Believe me, if your net worth is 25 percent cash and 75 percent equity in your company… you will still work plenty hard.
The second reason to encourage a secondary is risk profile. Theoretically, when you already have money, you are more likely to “go the distance.” That is, you won’t sell at your first offer. Okay, that last statement wasn’t fully true… because I said “theoretically” when I actually meant to say “absolutely.”
If you have a couple million dollars in the bank, you will absolutely take on more risk. Sure, the guys from SnapChat did more than a couple million, but this is all on a relative curve. They are shooting for stars like I have never seen before (and, frankly, wouldn’t totally advise). If they are going to give up on the chance of making $100-200 million each, then by all means take $10 million off the table.
Bleacher Report played “double or nothing” when we raised our Series D. We are fortunate that we achieved the former. But having some money in our bank accounts gave us the courage to do it.

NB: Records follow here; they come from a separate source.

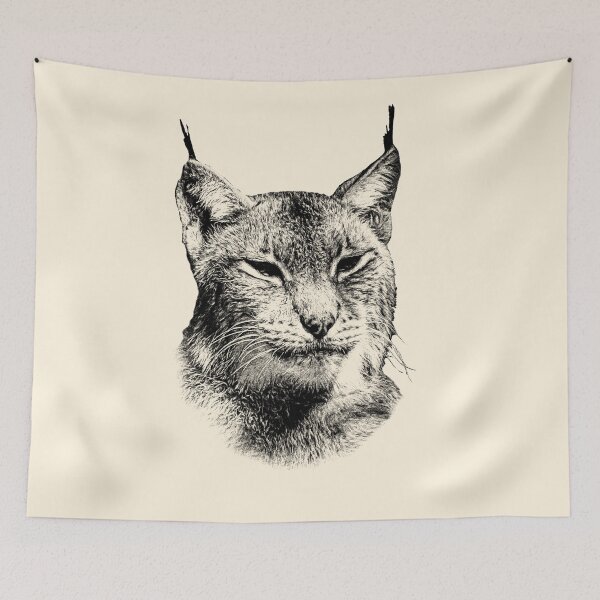 Item preview, Lynx designed and sold by Guardi71.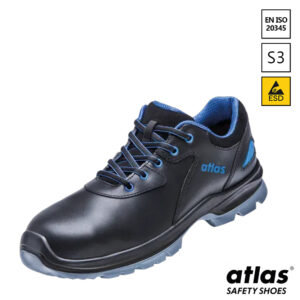 Atlas 57700 SL 645 XP BLUE ESD veiligheidsschoen laag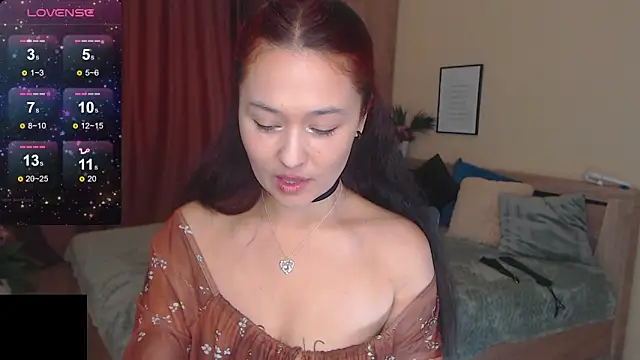 Paradise_day's cam snapshot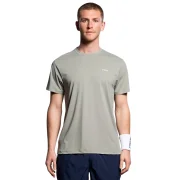 Nox Team Camiseta de hombre Gris
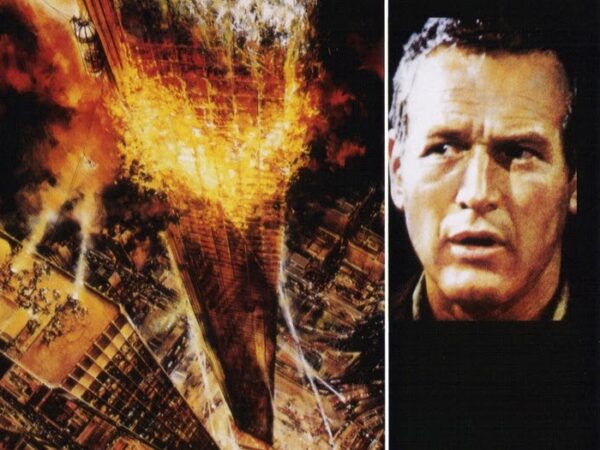 Ciné+ Classic – La Tour infernale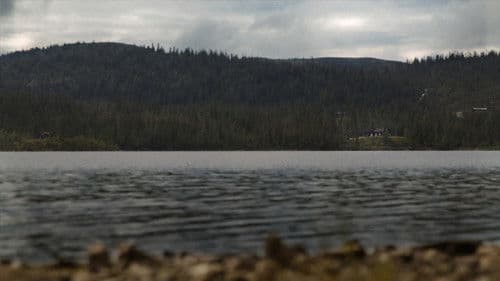 Busuvatnet 1989 Bild 1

Any founder who begrudges the concept of a secondary or pretends it will not impact incentive/risk choices is either (a) not being realistic, (b) too frightened to openly discuss the concept of a secondary, or (c) crazy.
But, then again, there are worse things than being crazy.

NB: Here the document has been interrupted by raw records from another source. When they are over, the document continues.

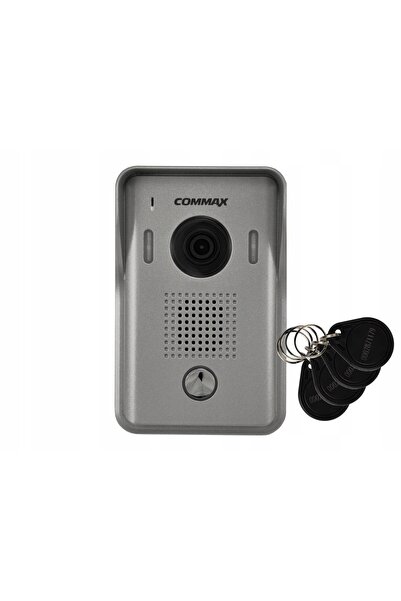 commax Cameră IP cu un singur abonat Cip-D20Ys/Rfid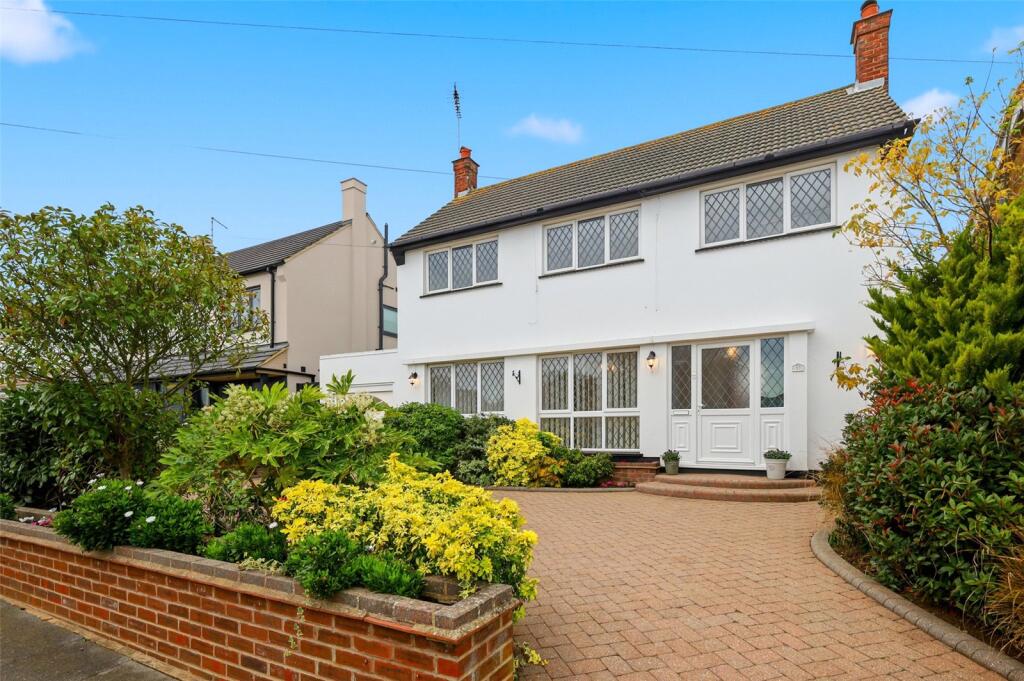 Main image of property: Marcus Avenue, Thorpe Bay, Essex, SS1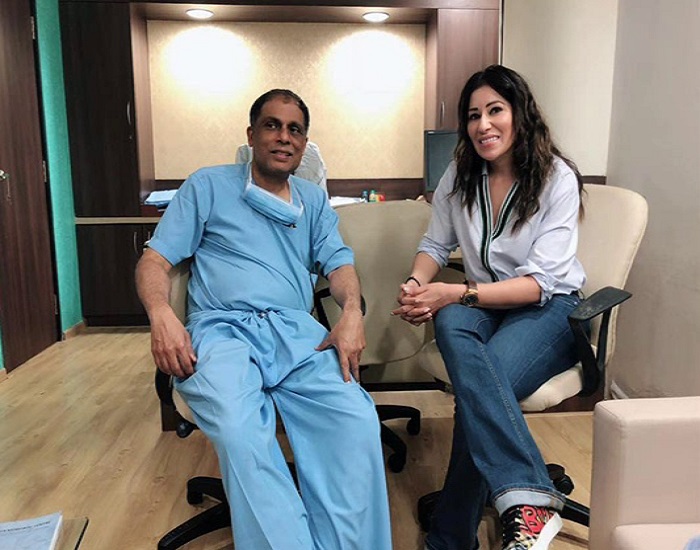 ਪਿਤਾ ਦੀ ਕੈਂਸਰ ਨਾਲ ਹੋਈ ਮੌਤ, ਧੀ ਨੇ ਬੀਮਾਰੀ ਖਿਲਾਫ ਛੇੜ ਅਨੋਖੀ ਜੰਗ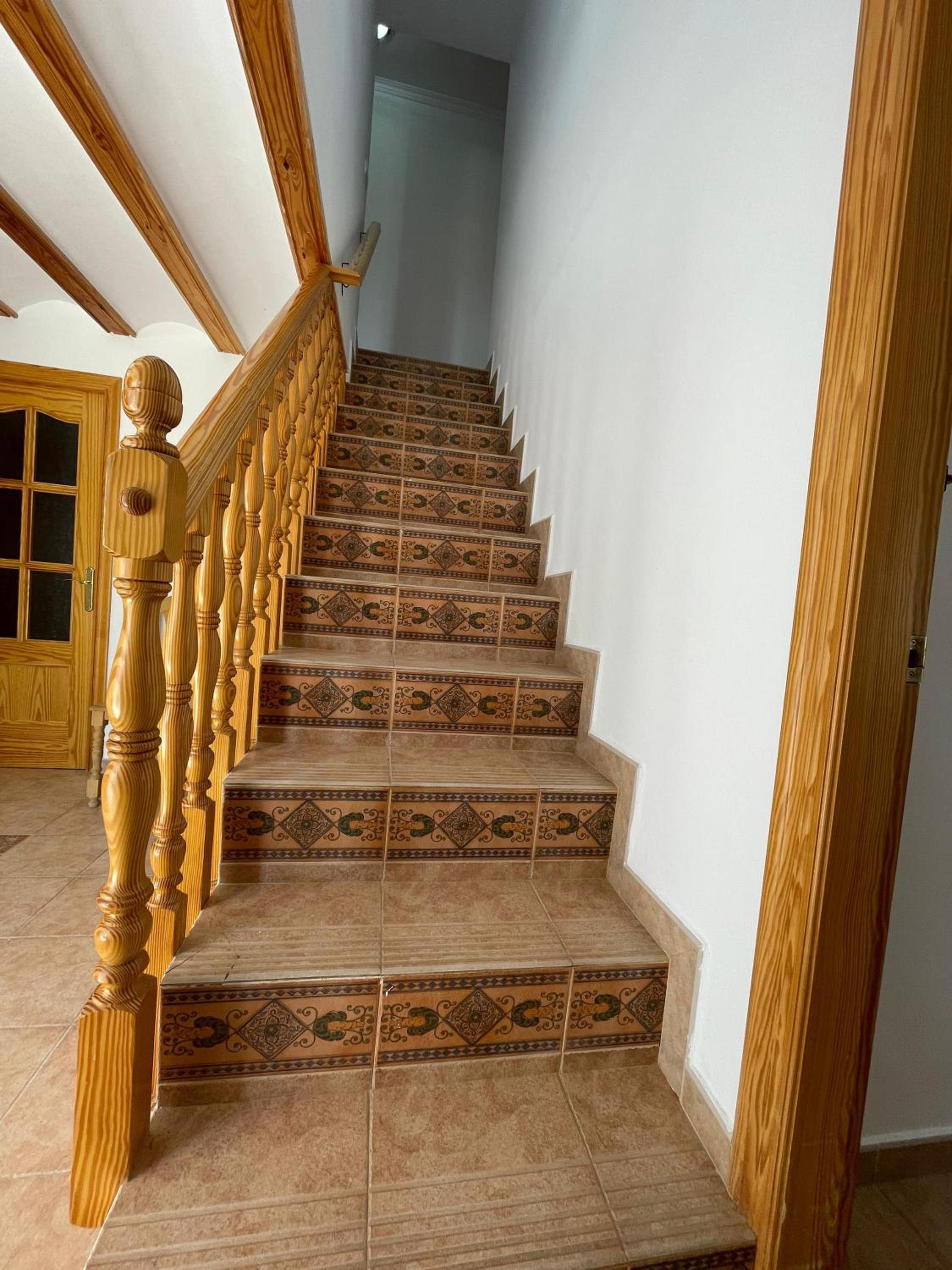 Casa rural Las Cales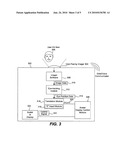 EYE GAZE CONTROL DURING AVATAR-BASED COMMUNICATION diagram and image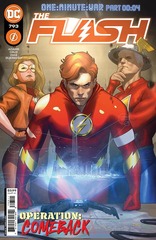 Flash #793A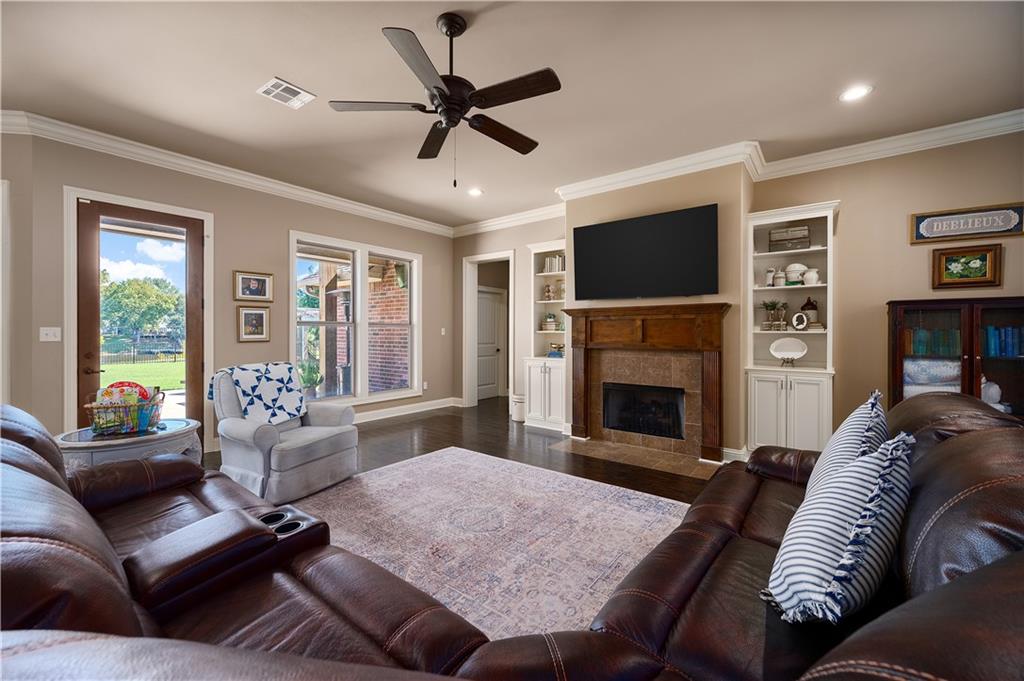 Homes for sale in Natchitoches, LA | 308 Saint Francis Avenue, Natchitoches, LA 71457 | MLS# CN2525987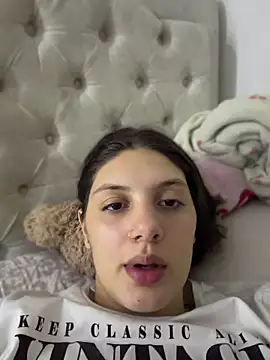 EmilyS   online show from 07/17/26, 03:13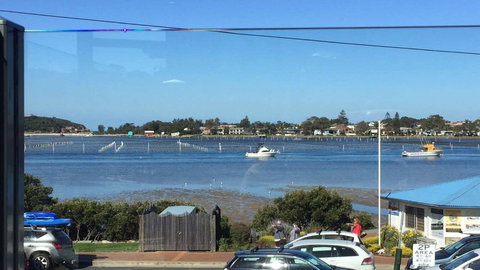 Santa Fe Restaurant - St Kilda Accommodation 0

Finally, I should conclude this by pointing out that I would probably not be inclined to do another secondary, but it’s for all the right reasons. Once you’ve had a nice exit, the goal should be to one-up your last effort, by an order of magnitude.
That said, even though I probably won’t do it again, and even though I lost money the first time, the secondary was an important part of my first-time founder experience. It is something I am totally open about, that I fully encourage, and that every founder should feel free to explore with their investors and prospective investors.
And when the media gives you a hard time about it? Screw ‘em.